# Master Fuzz tone pot



## Nostradoomus (Oct 21, 2019)

Instead of the basically useless fuzz adjust control and mildly useful two position switch, wire it up like so for a sweepable low pass kinda thing. I also threw an MPSA18 in Q5 for a bit of oomph on the output.

B50K
Lug 1 —> switch 3
Lug 2 —> Fuzz 2
Lug 3 —> switch 1


----------



## Nostradoomus (Oct 21, 2019)

Oh yeah and omit the top 100pf cap, it does nothing with this mod in place.


----------



## Chuck D. Bones (Oct 21, 2019)

Well done!  Good job figuring this out without the benefit of Build Docs.
Did you do this before drilling the box?


----------



## Nostradoomus (Oct 21, 2019)

Fortunately yes!
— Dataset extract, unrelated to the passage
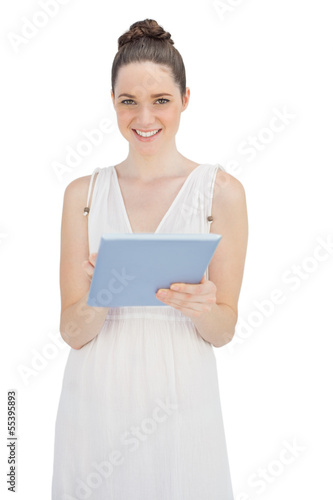 Happy young model in white dress holding tablet computer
Haha


----------



## Nostradoomus (Oct 21, 2019)

Quick n dirty clip of the sweep.

I really love this circuit! It cleans up ridiculously (like roll back to 7 and it’s a little gritty), the octave is very pronounced (I used 1n5817s all around again) and it nails that nasty FZ-2 sound with way less parts haha.


----------



## Chuck D. Bones (Oct 23, 2019)

What instrument did you use to make that sound?  A bass balalaika?


----------



## Nostradoomus (Oct 23, 2019)

Hahaha I wish! It’s just a guitar tuned to caveman low.  ?‍♂️


----------



## Jovi Bon Kenobi (Oct 24, 2019)

It sounds incredible. I have 2 boards and will definitely be doing this to one, maybe both. Thanks for all you do here!


----------



## Nostradoomus (Oct 24, 2019)

Right back at ya!


----------



## chongmagic (Nov 21, 2019)

Awesome sounds great!


----------